In Second Kings, chapter twenty-three, verse twenty-five, Josiah is described as the most faithful and dedicated of all the kings who had reigned over God’s people, including David himself. In terms of personal commitment and faithfulness to God’s Word, Josiah was the greatest, as in chapter eighteen, verse five, Deuteronomy six, verse five, and Jeremiah twenty-two, verses fifteen through sixteen, respectively.
The religious strictness of the people had greatly degenerated, and even the best rulers never were so solemnly recalled to the legal regulations as Josiah was by the discovery of the temple copy of the Law. The next verse in twenty-six clarifies why there was no such good king after Josiah. The evil doings of Manasseh had corrupted the nation’s past redemption. The reforms of Josiah lasted not nearly so long. ‘The evil that men do lives after them: The good is habitually inside their bones.’

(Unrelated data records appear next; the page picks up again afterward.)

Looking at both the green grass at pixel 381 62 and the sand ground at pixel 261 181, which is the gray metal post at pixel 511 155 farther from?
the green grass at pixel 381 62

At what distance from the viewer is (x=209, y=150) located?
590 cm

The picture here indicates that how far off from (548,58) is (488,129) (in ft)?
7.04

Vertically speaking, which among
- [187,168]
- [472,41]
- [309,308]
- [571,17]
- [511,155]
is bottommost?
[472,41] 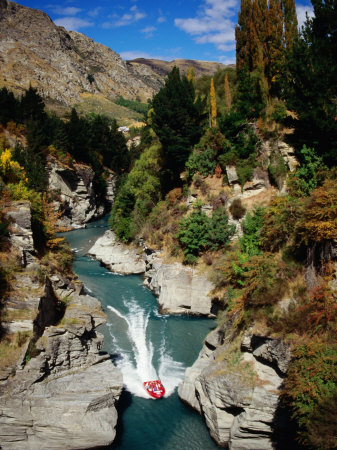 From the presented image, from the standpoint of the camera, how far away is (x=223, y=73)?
45.0m

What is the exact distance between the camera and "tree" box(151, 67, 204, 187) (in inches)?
1270

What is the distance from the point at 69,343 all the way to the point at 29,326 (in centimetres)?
182

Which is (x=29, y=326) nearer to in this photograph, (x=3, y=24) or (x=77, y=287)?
(x=77, y=287)

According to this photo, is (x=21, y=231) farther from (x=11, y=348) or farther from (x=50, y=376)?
(x=50, y=376)

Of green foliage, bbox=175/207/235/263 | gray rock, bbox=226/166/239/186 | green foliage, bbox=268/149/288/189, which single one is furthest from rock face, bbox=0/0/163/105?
green foliage, bbox=268/149/288/189

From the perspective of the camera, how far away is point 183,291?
24.7 metres

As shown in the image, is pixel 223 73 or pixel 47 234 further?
pixel 223 73

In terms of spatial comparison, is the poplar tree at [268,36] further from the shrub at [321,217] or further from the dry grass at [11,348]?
the dry grass at [11,348]

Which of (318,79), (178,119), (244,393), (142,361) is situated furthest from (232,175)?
(244,393)

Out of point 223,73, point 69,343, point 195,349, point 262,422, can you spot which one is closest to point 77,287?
point 69,343

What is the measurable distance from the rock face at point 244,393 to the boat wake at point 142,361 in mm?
2372

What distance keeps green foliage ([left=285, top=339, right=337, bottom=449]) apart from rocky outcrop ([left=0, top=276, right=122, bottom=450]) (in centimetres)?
688

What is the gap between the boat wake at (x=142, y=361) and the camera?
16.9 meters

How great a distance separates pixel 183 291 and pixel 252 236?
686 centimetres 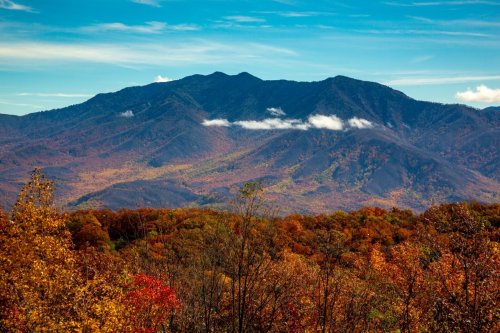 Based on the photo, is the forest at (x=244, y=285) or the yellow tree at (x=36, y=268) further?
the yellow tree at (x=36, y=268)

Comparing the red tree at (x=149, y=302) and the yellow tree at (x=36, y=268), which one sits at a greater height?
the yellow tree at (x=36, y=268)

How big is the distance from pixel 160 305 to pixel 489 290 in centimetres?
2704

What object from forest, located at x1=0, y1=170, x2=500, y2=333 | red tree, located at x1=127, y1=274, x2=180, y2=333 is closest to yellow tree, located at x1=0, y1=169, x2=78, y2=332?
forest, located at x1=0, y1=170, x2=500, y2=333

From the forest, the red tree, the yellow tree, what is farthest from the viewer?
the red tree

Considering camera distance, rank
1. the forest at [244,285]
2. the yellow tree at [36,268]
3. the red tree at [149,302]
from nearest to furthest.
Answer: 1. the forest at [244,285]
2. the yellow tree at [36,268]
3. the red tree at [149,302]

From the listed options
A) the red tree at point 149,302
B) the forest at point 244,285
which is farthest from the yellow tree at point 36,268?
the red tree at point 149,302

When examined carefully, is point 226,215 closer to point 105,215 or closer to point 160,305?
point 160,305

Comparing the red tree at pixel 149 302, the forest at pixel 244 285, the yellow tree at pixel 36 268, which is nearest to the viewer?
→ the forest at pixel 244 285

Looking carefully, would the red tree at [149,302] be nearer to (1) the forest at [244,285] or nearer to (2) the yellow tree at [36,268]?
(1) the forest at [244,285]

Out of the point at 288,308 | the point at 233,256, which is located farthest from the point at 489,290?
the point at 288,308

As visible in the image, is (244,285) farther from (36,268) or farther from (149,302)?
(36,268)

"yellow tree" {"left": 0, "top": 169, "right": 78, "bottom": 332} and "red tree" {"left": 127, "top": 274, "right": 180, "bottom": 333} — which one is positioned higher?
"yellow tree" {"left": 0, "top": 169, "right": 78, "bottom": 332}

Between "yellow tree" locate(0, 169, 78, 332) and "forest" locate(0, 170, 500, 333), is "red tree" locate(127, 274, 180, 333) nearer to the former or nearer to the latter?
"forest" locate(0, 170, 500, 333)

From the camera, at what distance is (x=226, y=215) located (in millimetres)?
32156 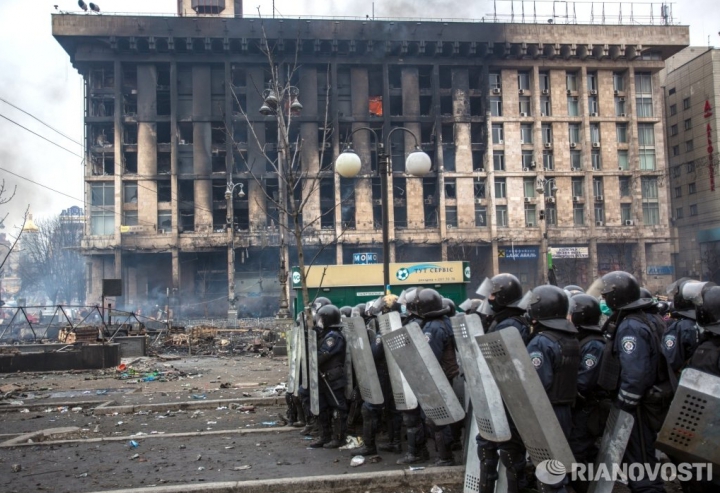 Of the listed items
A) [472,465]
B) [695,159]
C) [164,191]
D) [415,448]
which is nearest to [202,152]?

As Josiah had the Passover kept in perfect accordance with the precepts of the law, so did he also exterminate the necromancers, the teraphim, and all the abominations of idolatry throughout all Judah and Jerusalem: to set up the words of the law in the book of the law and to carry them out and bring them into force. The account of the efforts made by Josiah to restore the true worship of Jehovah closes with a general verdict concerning his true piety. Josiah turned to Jehovah with all his heart, which led him in diligent study in God’s law and his exact care, and unwearied industry, and fervent zeal, in rooting out idolaters, and all kinds and appearances of idolatry, not only in Judah, but in Israel also; and in the establishment of the true religion in all his dominions, and the conforming of his own life, and his people’s too, to the holy law of God.